Tokens per Second Performance
ubatch_size | ctx_size=64 | ctx_size=128 | ctx_size=256 | ctx_size=512 |
---|---|---|---|---|
64 | 2233 | 2093 | 2128 | 2125 |
128 | N/A | 2866 | 2821 | 2877 |
256 | N/A | N/A | 3287 | 3349 |
512 | N/A | N/A | N/A | 3469 |
ubatch_size | ctx_size=2048 | ctx_size=4096 | ctx_size=8192 | ctx_size=16384 |
---|---|---|---|---|
256 | 3971 | 3630 | 3593 | 2766 |
512 | 4143 | 3797 | 3758 | 2852 |
1024 | 4059 | 3742 | 3707 | 2822 |
2048 | 3957 | 3631 | 3603 | 2762 |
4096 | N/A | 3450 | 3410 | 2625 |
Peak VRAM Usage (MB)
ubatch_size | ctx_size=64 | ctx_size=128 | ctx_size=256 | ctx_size=512 |
---|---|---|---|---|
64 | 1691 | 1689 | 1689 | 1697 |
128 | N/A | 1729 | 1727 | 1737 |
256 | N/A | N/A | 1803 | 1811 |
512 | N/A | N/A | N/A | 1963 |
ubatch_size | ctx_size=2048 | ctx_size=4096 | ctx_size=8192 | ctx_size=16384 |
---|---|---|---|---|
256 | 1885 | 1947 | 2099 | 2409 |
512 | 2025 | 2101 | 2257 | 2577 |
1024 | 2329 | 2407 | 2571 | 2917 |
2048 | 2933 | 3025 | 3203 | 3597 |
4096 | N/A | 4285 | 4497 | 4985 |
tagConclusion
For v4 users who want to run quantized GGUF efficiently on budget GPUs, choose IQ3_S
or IQ3_M
with our custom build of llama-embedding
- this should give you 4000 tokens/sec on regular datasets (where sentence length is <2048 tokens). For embedding longer documents, increase the context size -c
and control the physical batch size -ub
to reduce VRAM footprint. With our custom build, you can encode super long documents (>32K tokens) using only 3GB VRAM by setting -ub
to a small number like 1024 - something that wasn't possible with the original implementation or vanilla transformers.

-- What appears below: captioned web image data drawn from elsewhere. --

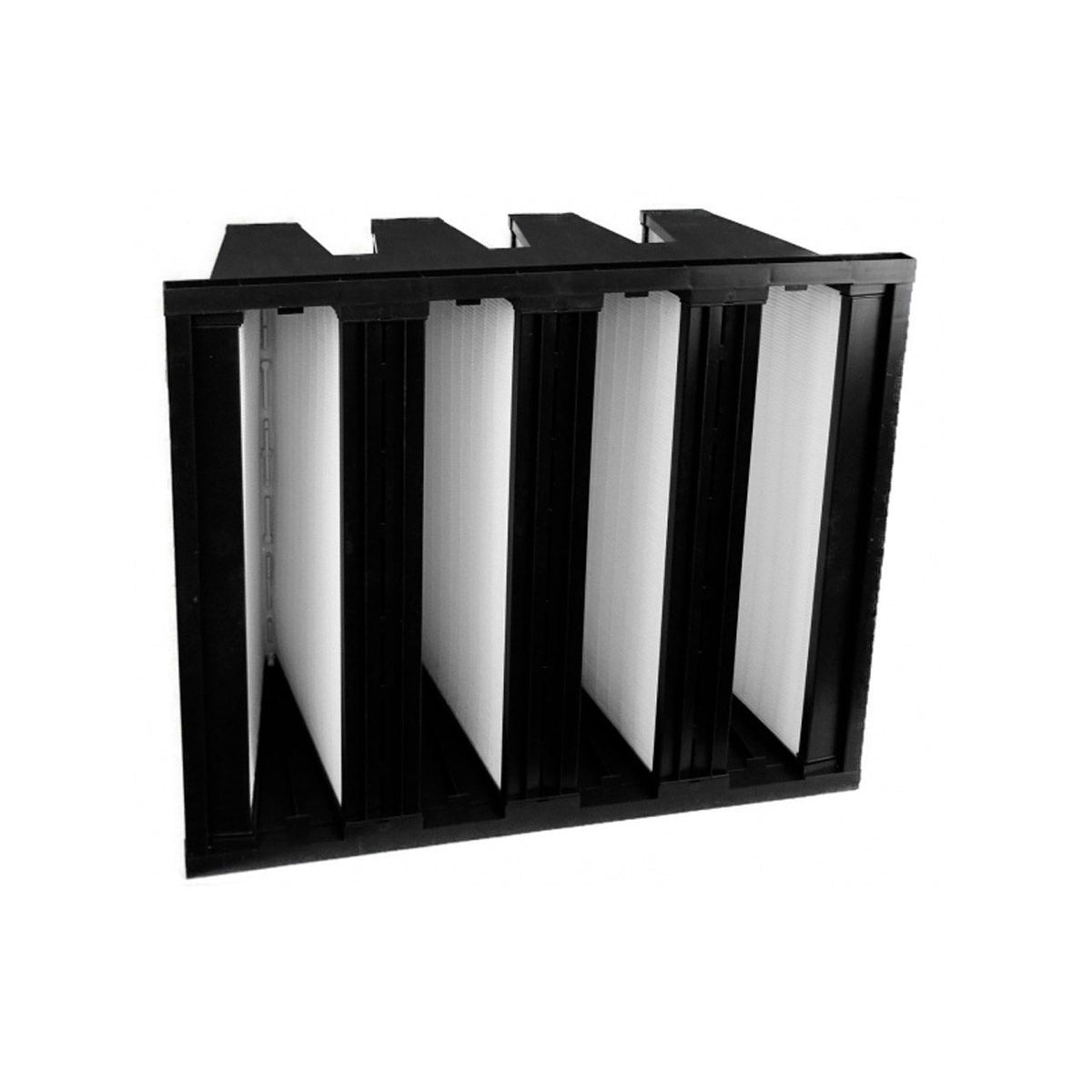 HS Solution RLF 1500 ECO F7 Vorfilter mit V-förmig gefalteten Filterlamellen im schwarzen Rahmen, Schrägansicht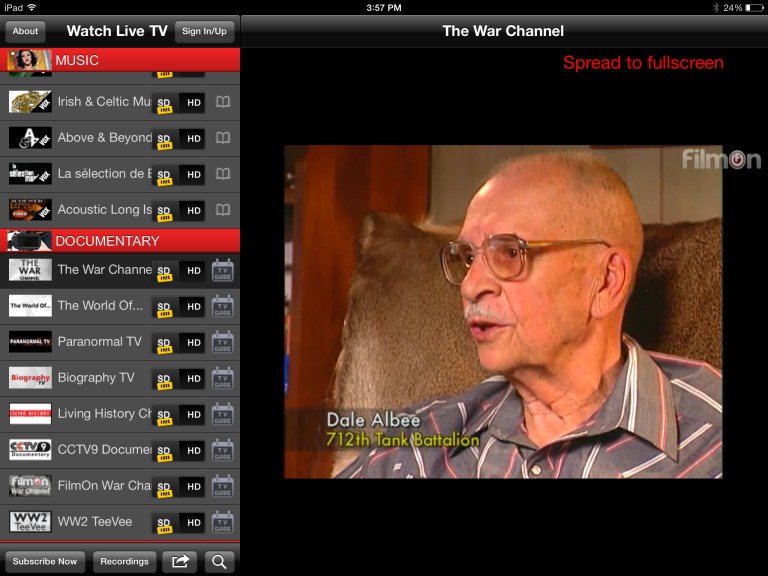 In this screenshot made Wednesday, June 25, 2014 shows The War Channel as viewed on FilmOn's ipad app. FilmOn offers over-the-air TV channels through a website and mobile apps. (AP Photo/FilmOn)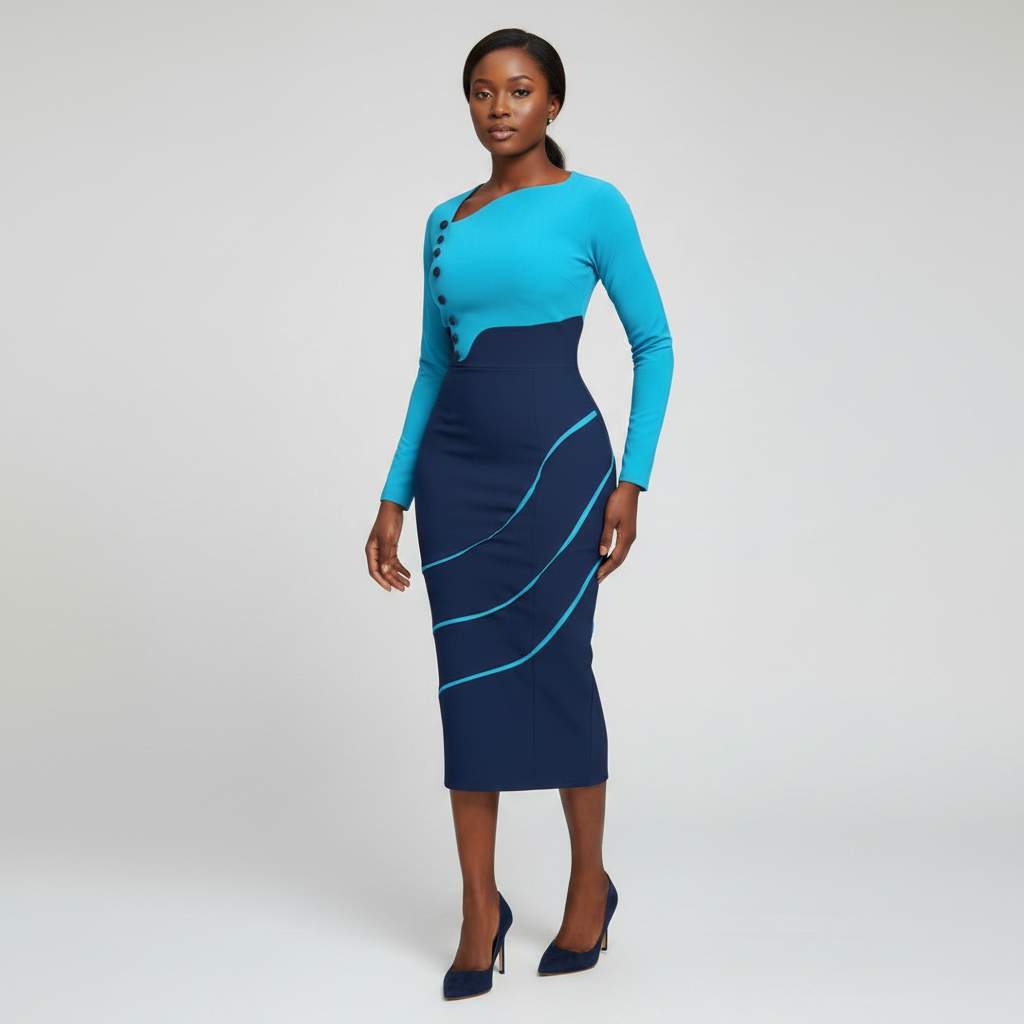 Women's Cyan & Navy Colour Block Stripe Trim Bodycon Midi Dress
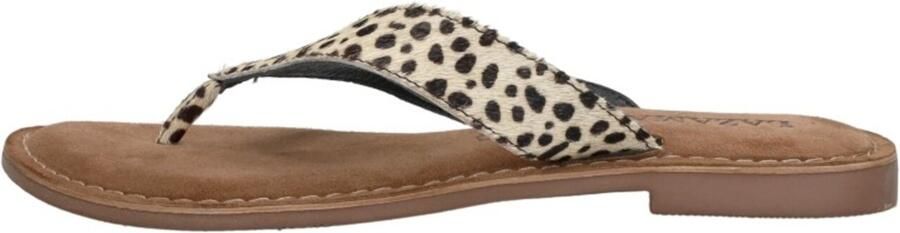 Lazamani 75.481 leren teenslippers met dierenprint ecru zwart - Foto 7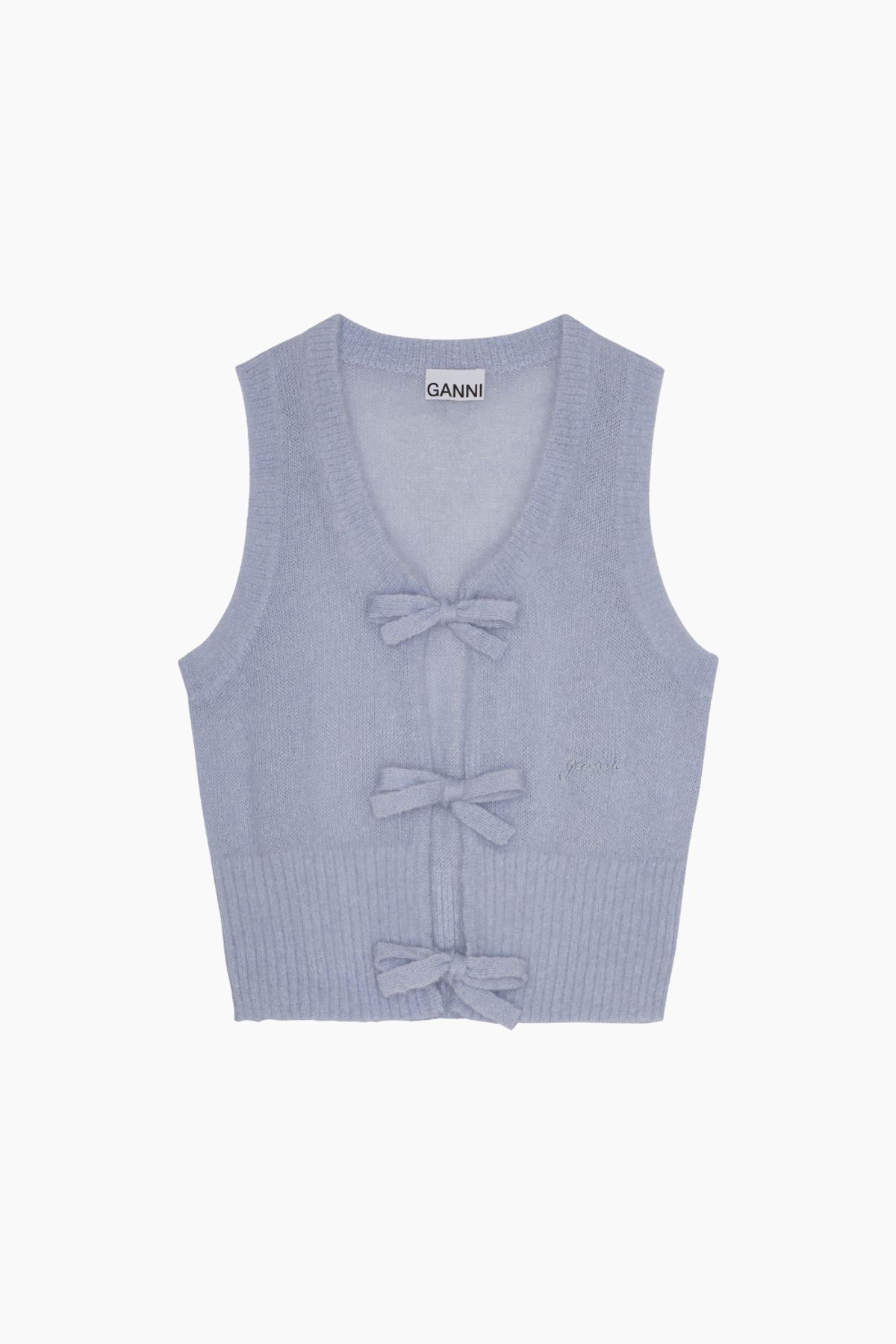 Light Mohair Tie String Vest K2307 - Heather - GANNI - Blå L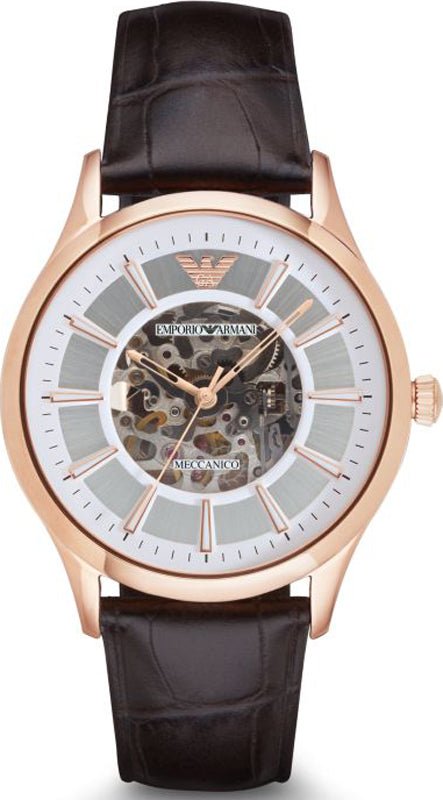 Emporio Armani Epoca White Skeletal Dial Black Leather Strap Watch For Men - AR2073 Watches Emporio Armani   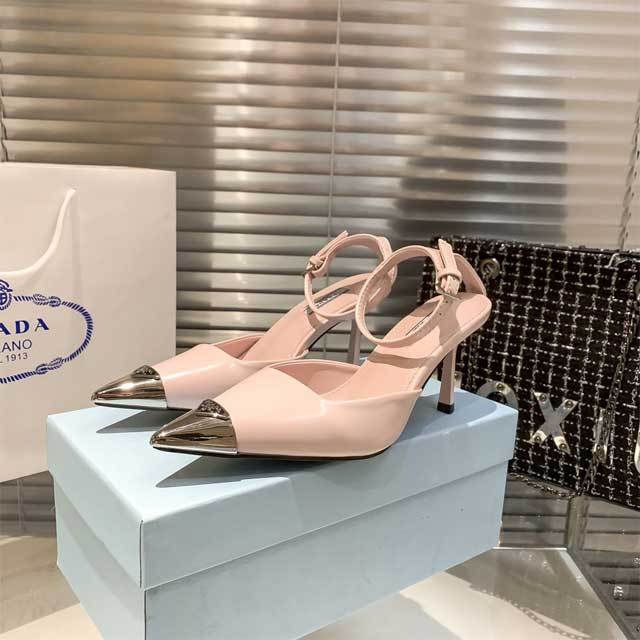 Leather Pointed Toe High Heeled Sandals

The quest for speed optimization never ends. There's always room for faster, leaner implementations with higher throughput. 4000 tokens/sec probably isn't our ceiling - there's plenty more work to be done. Beyond fixing the qwen2.5-vl-3b
mmproj/vision transformer implementation in llama.cpp
, we're also exploring deeper llama.graph and KV-cache level optimizations, improving llama-serving
batching logic, and adding streaming options to embedding APIs. Our goal is to make llama.cpp
natively support modern decoder-only multimodal embeddings for our current and future reranker releases.